Al centro del confronto i nodi principali di una vertenza che si protrae da tempo, tra cui:
- il mancato rinnovo dell’Accordo Integrativo Aziendale (A.I.A.);
- le mancate erogazioni di arretrati contrattuali;
- la interruzione unilaterale del tavolo delle trattative da parte dei vertici del Teatro.
A seguito della proclamazione dello stato di agitazione del personale e dell’avvio della prima fase della procedura di raffreddamento e conciliazione, il Sovrintendente dell’Ente Lirico, dott. Giovanni Cultrera, ha provveduto alla convocazione delle parti sindacali.
Per conto dell’Ente, l’incontro è stato presieduto dal Direttore Amministrativo, dott. Giovanni Castrogiovanni, il quale ha evidenziato come il percorso di negoziazione per il rinnovo dell’A.I.A., avviato dall’attuale governance, abbia richiesto numerosi tavoli tecnici, determinando un inevitabile allungamento dei tempi.
È stato inoltre precisato che il ritardo nella conclusione dei lavori non è riconducibile a cattiva volontà gestionale, ma alle criticità emerse sul piano economico e normativo, anche in considerazione della necessità di aggiornare un Accordo aziendale risalente al 1991, ormai non più adeguato al contesto attuale.
L’Amministrazione ha comunicato di aver predisposto una bozza di Accordo Integrativo Aziendale, frutto del lavoro di confronto con le parti sociali e delle proposte avanzate dai lavoratori di tutti i settori del Teatro.
Il documento sarà sottoposto all’approvazione del Consiglio di Amministrazione, convocato per il 2 aprile 2026.

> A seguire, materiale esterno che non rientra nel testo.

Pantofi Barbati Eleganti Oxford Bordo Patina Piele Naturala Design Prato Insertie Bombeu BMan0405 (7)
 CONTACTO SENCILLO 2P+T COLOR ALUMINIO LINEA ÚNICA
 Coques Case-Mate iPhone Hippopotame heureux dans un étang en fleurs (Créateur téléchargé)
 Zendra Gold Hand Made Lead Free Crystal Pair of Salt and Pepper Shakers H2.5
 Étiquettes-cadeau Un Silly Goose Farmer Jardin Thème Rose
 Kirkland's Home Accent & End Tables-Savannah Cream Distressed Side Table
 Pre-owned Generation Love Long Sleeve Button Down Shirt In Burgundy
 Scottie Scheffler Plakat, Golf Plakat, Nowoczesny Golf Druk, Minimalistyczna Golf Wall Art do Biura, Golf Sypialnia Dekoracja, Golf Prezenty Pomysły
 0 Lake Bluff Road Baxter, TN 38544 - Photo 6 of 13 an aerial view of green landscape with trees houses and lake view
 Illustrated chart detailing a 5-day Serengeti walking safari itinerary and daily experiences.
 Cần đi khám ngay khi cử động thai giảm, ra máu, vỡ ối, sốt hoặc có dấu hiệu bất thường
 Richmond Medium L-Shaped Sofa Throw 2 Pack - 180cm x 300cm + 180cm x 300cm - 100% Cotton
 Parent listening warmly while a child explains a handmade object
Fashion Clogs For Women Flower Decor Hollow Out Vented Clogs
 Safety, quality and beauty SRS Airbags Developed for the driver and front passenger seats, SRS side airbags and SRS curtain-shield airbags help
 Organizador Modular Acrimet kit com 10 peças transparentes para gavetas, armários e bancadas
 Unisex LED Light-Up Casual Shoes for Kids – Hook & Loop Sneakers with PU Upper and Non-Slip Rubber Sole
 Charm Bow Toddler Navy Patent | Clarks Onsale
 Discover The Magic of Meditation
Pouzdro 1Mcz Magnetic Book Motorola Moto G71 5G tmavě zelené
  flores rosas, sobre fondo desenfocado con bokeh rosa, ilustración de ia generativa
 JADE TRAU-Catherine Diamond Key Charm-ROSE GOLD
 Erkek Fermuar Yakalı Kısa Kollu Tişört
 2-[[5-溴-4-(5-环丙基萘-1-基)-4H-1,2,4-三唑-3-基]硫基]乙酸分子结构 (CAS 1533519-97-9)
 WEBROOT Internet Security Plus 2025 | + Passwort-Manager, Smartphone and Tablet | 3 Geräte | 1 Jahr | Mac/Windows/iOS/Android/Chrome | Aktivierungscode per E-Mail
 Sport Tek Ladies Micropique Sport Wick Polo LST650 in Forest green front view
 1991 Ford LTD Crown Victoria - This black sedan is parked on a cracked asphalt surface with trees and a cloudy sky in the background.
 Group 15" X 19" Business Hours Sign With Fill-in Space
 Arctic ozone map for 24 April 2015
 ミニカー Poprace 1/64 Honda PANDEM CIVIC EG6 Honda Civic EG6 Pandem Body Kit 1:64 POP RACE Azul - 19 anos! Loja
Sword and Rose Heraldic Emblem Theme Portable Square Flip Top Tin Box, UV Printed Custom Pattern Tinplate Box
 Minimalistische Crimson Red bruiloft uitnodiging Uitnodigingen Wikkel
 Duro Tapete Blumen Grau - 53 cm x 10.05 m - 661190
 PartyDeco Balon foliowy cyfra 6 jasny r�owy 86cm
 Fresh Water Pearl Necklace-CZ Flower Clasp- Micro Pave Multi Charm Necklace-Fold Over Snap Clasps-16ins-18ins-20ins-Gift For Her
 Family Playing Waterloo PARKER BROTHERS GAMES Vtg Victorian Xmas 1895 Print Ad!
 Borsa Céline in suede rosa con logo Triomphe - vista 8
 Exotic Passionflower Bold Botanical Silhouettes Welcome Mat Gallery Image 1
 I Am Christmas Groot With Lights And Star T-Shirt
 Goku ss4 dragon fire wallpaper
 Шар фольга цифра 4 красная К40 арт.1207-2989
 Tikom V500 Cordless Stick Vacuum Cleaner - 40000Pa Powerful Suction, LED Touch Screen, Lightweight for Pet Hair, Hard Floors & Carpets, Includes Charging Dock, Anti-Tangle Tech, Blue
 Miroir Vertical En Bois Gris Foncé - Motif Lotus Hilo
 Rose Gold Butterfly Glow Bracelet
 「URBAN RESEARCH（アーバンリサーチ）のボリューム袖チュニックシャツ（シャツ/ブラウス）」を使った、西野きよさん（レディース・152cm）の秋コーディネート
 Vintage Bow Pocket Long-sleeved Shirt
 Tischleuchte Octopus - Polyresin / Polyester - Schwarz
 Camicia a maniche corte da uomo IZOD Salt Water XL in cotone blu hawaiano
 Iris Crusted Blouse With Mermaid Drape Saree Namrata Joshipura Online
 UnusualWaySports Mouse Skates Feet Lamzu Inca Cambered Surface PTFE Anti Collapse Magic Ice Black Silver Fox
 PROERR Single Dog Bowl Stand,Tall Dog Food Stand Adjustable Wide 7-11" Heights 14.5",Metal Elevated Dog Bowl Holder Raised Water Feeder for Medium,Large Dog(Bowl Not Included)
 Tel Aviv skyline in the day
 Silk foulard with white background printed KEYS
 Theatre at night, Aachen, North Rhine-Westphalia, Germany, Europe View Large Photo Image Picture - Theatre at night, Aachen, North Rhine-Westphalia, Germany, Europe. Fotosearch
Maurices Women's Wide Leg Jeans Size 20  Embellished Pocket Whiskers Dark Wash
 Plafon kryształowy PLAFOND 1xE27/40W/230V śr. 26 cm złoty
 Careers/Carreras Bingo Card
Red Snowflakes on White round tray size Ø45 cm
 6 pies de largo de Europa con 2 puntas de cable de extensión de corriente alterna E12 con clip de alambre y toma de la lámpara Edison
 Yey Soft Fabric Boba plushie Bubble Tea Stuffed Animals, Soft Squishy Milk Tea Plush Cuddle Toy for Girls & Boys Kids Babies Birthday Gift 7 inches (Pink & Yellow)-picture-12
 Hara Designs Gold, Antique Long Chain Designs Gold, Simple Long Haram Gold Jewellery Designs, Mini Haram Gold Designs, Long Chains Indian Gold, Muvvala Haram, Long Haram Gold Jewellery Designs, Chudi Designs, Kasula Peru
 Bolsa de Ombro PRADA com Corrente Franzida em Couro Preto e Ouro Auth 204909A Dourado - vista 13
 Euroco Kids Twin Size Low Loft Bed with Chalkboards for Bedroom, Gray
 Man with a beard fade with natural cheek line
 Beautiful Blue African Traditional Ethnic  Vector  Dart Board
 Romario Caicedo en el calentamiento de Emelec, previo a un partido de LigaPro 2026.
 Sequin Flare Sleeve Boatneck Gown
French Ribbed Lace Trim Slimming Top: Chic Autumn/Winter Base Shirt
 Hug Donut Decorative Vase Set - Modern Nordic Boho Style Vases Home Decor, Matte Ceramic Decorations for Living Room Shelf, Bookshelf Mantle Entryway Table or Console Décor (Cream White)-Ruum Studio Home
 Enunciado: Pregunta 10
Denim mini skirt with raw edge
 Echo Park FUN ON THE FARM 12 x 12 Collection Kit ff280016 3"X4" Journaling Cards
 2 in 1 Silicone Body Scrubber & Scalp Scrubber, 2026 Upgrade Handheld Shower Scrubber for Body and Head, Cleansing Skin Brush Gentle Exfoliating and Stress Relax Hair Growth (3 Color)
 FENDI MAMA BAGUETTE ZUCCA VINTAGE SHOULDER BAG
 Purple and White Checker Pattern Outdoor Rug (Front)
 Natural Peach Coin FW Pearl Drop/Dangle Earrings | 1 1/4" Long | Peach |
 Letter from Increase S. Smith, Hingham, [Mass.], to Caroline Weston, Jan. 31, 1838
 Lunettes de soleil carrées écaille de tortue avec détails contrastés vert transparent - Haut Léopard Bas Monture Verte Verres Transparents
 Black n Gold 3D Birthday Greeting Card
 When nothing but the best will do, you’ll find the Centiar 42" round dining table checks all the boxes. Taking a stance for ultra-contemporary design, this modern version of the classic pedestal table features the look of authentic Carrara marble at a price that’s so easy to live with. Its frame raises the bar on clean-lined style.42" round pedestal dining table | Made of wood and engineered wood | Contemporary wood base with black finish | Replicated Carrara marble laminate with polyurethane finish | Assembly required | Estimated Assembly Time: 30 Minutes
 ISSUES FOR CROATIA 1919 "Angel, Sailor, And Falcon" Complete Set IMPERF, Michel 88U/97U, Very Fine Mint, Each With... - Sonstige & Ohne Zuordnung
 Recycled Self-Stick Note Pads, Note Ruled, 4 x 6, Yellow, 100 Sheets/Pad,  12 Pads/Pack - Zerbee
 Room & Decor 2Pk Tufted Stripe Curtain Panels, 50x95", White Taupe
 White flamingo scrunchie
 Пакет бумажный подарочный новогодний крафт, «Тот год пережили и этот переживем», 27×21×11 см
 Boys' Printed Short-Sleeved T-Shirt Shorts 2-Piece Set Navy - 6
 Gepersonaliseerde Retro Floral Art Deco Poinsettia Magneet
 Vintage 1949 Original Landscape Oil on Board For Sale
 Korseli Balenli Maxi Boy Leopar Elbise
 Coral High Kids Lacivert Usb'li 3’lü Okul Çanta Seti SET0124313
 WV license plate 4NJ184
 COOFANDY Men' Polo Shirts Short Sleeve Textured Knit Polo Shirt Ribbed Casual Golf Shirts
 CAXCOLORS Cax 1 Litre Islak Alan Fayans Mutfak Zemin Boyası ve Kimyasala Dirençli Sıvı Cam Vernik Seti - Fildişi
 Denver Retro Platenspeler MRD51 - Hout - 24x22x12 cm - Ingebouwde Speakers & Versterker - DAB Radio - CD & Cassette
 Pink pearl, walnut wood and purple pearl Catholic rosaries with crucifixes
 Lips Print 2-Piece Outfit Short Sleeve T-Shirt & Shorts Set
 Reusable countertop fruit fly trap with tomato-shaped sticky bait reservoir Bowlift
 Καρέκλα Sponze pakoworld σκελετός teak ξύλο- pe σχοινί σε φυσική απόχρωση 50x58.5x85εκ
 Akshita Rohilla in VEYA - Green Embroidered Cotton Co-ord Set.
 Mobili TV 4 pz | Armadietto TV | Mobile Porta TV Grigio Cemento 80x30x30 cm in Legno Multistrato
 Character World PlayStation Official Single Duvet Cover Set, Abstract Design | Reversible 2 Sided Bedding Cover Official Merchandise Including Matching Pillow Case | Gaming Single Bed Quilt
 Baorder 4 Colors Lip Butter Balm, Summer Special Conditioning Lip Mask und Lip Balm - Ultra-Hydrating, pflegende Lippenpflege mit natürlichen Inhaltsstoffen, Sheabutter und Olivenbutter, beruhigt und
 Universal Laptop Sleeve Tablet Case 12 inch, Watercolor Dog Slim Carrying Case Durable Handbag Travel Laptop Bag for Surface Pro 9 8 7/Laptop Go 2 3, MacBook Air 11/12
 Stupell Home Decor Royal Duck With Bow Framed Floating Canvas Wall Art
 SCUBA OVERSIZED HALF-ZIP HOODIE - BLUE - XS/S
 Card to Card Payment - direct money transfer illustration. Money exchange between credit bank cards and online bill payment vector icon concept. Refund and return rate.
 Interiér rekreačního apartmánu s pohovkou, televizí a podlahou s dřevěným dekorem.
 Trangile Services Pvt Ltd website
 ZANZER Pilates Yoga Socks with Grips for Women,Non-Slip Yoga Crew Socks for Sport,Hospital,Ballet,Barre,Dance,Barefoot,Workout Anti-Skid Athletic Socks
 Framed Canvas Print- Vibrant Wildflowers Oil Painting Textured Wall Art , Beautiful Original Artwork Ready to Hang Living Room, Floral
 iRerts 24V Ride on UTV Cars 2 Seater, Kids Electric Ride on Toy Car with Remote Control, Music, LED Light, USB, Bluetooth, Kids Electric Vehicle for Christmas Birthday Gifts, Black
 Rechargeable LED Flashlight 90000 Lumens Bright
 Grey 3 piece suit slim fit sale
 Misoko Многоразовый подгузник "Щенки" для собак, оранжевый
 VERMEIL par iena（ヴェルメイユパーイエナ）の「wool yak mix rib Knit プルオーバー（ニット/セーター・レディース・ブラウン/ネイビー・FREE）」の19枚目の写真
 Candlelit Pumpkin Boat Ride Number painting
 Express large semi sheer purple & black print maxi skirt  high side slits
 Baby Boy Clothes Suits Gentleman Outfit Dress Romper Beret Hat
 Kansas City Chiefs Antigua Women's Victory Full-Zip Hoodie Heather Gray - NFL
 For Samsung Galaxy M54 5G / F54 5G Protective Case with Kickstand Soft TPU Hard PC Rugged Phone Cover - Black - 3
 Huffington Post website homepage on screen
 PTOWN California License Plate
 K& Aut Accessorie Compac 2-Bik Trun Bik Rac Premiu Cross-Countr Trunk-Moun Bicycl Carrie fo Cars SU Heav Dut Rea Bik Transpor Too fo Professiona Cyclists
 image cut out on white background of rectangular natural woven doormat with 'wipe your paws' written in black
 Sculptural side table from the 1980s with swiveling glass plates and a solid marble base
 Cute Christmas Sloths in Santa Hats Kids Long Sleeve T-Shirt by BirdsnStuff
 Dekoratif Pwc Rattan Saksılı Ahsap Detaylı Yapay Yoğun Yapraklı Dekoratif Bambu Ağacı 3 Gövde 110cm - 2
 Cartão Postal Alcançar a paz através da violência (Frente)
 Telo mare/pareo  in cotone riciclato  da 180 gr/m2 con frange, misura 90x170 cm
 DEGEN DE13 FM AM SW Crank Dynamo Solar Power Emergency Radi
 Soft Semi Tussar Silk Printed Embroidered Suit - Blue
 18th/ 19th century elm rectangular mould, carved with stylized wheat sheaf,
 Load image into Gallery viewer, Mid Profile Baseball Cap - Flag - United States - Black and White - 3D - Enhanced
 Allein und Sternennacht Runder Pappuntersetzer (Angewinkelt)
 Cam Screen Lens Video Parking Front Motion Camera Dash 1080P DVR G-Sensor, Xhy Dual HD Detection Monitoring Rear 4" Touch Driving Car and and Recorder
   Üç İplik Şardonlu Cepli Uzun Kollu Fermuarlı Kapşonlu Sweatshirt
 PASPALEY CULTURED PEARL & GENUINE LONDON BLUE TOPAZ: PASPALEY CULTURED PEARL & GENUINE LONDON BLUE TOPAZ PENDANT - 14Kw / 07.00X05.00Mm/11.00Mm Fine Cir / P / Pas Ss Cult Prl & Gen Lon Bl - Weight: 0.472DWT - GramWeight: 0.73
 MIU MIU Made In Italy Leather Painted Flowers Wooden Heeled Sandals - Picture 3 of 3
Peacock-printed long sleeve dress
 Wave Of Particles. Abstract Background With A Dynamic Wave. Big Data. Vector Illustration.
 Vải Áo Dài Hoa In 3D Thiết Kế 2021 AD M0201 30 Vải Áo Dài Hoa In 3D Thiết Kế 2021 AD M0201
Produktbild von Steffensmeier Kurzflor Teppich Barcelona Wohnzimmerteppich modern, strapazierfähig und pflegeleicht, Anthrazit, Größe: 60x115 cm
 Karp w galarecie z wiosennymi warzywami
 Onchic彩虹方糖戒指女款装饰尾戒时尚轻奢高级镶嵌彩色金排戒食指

Una volta approvato, l’Accordo verrà trasmesso nella stessa giornata alle Organizzazioni sindacali, che avranno 30 giorni di tempo per formulare eventuali osservazioni, suggerimenti o richieste di modifica.
Le Organizzazioni sindacali, preso atto degli impegni assunti dall’Amministrazione – relativi a:
- rinnovo dell’Accordo Integrativo Aziendale;
- stesura del Piano triennale del fabbisogno del personale;
- erogazione delle indennità spettanti –
hanno condiviso il verbale di riunione, dichiarando conclusa con esito positivo la prima fase della procedura di raffreddamento e conciliazione.
In merito alla questione è intervenuto Giovanni Lo Schiavo, Segretario Provinciale CISAL Catania, ha dichiarato: “Accogliamo positivamente la riapertura del confronto con l’Ente. Dopo una fase di stallo che ha penalizzato i lavoratori, questo incontro rappresenta un primo passo concreto verso la definizione della vertenza. Continueremo a vigilare affinché gli impegni assunti vengano rispettati nei tempi previsti e si arrivi finalmente a soluzioni concrete per il personale del Teatro Massimo Bellini”.
Soddisfazione è stata espressa anche dal Segretario Provinciale della FIALS CISAL, Aldo Ferrente, che ha sottolineato: “Come Sindacato operante in seno al Teatro Massimo Bellini, riteniamo di aver svolto un buon lavoro nel recuperare e riattivare il tavolo delle trattative con il datore di lavoro, che per diversi motivi si era arenato, compromettendo la definizione della vertenza a scapito dei lavoratori. Oggi, dopo la riunione, siamo più fiduciosi e attendiamo l’evolversi dell’iter”.
Resta fermo l’impegno dell’Ente a trasmettere l’Accordo alle OO.SS. entro 24 ore dalla sua approvazione da parte del CdA.
In caso contrario, sarà automaticamente attivata la seconda fase della procedura di raffreddamento e conciliazione, che verrà formalizzata alle Istituzioni competenti.
La vertenza resta aperta, ma il confronto avviato rappresenta un primo segnale concreto verso una possibile soluzione condivisa.